However, it is really a challenge to fabricate small nanoparticles onto semiconductors with highly uniform and compact structure morphology. Till now, there are three strategies for fabricating AuNPs (>50 nm) on silicon substrates.¹⁸ One strategy is to first modify the Si substrate with a thiol-terminated monolayer, and then AuNPs can be grafted covalently onto this substrate via Au–S bonds through thermodynamic reactions.^3,19 The second strategy is to graft molecule-modified AuNPs onto hydrogen-terminated silicon (Si–H) surfaces by forming Si–C bonds under light irradiation.²⁰ The third strategy is to directly assemble AuNPs by interfacial interaction, fabricating uniform NP films on silicon surfaces.^21–23 These proposed strategies can be used to construct different metal/semiconductor interfaces, but hot electrons with low energies generated by large AuNPs cannot destroy the momentum conservation in the process of interaction between phonons and confined electrons.

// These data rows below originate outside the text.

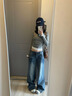 淘稚氣美式辣妹低腰微喇牛仔褲女2025新款高街百搭垂感拖地褲 深藍色-加長(cháng)(TZQ2580421) M 曬單實(shí)拍圖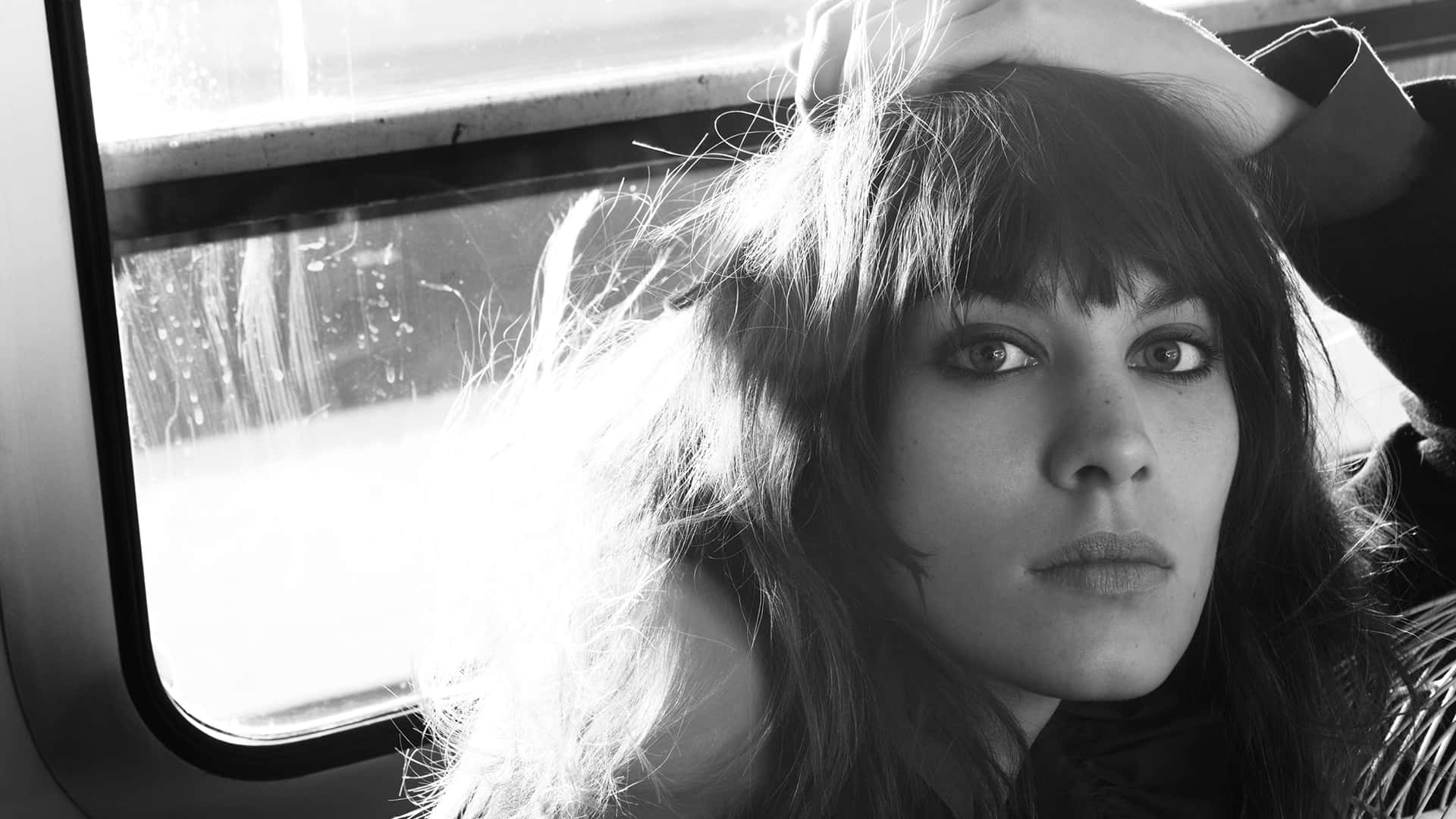 Alexa Chung, black and white portrait, vehicle, Full HD Desktop Wallpaper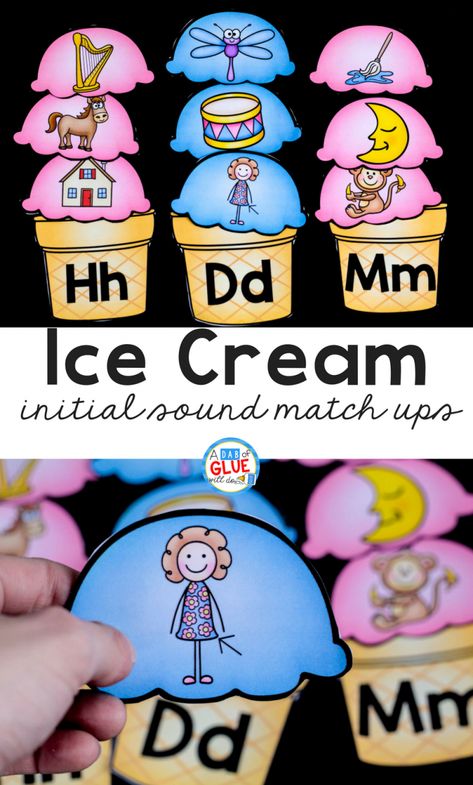 Ice Cream Inquiry Kindergarten, Ice Cream Prek Activities, Ice Cream Theme Preschool, Ice Cream Pictures, Fun Ice Cream, Kindergarten Language Arts, Early Childhood Learning, Initial Sounds, Literacy Games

In this reported work, we describe a novel, mild and effective method to graft high-quality organic monolayers on a silicon surface for catalyzing small sized nanoparticles’ in situ growth. The designed synthetic strategy can be readily employed using three consecutive steps as shown in Scheme 1. In brief, the cleaned Si(111) sample is first immersed into a 40% ammonium fluoride (NH₄F) solution to remove the oxide layers and generate Si–H bonds onto the surfaces of the strips (A→B).^{18,19,24–27} Next, the Si(111)–H surface is modified using 3-mercaptopropionic acid (3-MPA) molecules (B→C) at room temperature under white-light irradiation for 1 h. The resulting 3-MPA-modified Si(111) sample acts as a ligand^28,29 for the Au⁺ ions, reacting further with these to form crystal nuclei. The AuNPs are grown in situ on the Si surface in a few minutes (C→D).^20,30 It should be noted that the mild white light source was used to induce photochemical grafting of the 3-MPA bifunctional molecule, so the white-light driven reaction mechanism was analyzed, in this work, on the basis of DFT calculations.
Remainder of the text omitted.